• [Directions for this task] Look through the entries below and return all lines including the word "IVERMECTIN".

• [Extracted records]
········
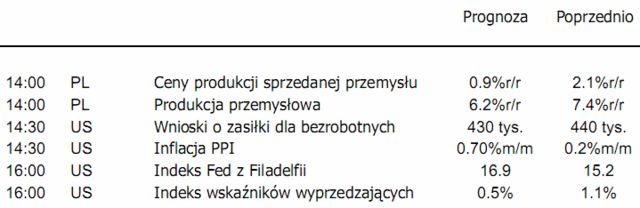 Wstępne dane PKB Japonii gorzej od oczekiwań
········
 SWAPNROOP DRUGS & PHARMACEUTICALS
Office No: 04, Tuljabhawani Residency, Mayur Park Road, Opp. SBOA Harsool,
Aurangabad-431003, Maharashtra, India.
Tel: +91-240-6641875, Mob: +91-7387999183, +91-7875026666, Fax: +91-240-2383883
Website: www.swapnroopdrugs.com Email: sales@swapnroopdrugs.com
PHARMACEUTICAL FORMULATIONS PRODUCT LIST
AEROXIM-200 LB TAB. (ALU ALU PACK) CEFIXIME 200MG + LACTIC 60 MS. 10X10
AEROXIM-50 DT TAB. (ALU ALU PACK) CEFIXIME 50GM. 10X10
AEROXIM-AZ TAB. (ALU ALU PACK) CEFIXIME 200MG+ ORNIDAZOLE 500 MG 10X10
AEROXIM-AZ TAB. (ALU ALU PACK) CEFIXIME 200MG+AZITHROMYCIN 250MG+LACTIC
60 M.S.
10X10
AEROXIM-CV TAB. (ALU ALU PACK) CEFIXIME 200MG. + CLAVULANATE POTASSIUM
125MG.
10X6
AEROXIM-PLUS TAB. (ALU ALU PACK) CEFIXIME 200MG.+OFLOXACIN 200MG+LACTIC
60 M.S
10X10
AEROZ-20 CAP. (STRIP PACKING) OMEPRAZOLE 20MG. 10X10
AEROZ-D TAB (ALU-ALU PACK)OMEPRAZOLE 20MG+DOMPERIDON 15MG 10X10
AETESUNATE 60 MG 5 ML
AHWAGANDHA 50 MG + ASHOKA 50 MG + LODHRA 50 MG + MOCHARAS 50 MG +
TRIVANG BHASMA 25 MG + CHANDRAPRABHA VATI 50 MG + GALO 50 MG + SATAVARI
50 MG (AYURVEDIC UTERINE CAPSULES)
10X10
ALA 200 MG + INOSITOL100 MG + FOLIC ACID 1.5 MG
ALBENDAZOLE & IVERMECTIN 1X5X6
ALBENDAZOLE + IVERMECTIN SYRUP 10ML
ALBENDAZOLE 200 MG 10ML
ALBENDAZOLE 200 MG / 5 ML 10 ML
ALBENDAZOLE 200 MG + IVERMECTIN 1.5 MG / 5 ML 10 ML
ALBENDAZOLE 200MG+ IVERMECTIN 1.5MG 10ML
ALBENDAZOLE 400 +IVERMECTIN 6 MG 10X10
········
• [Result of the exercise]
ALBENDAZOLE & IVERMECTIN 1X5X6
ALBENDAZOLE + IVERMECTIN SYRUP 10ML
ALBENDAZOLE 200 MG + IVERMECTIN 1.5 MG / 5 ML 10 ML
ALBENDAZOLE 200MG+ IVERMECTIN 1.5MG 10ML
ALBENDAZOLE 400 +IVERMECTIN 6 MG 10X10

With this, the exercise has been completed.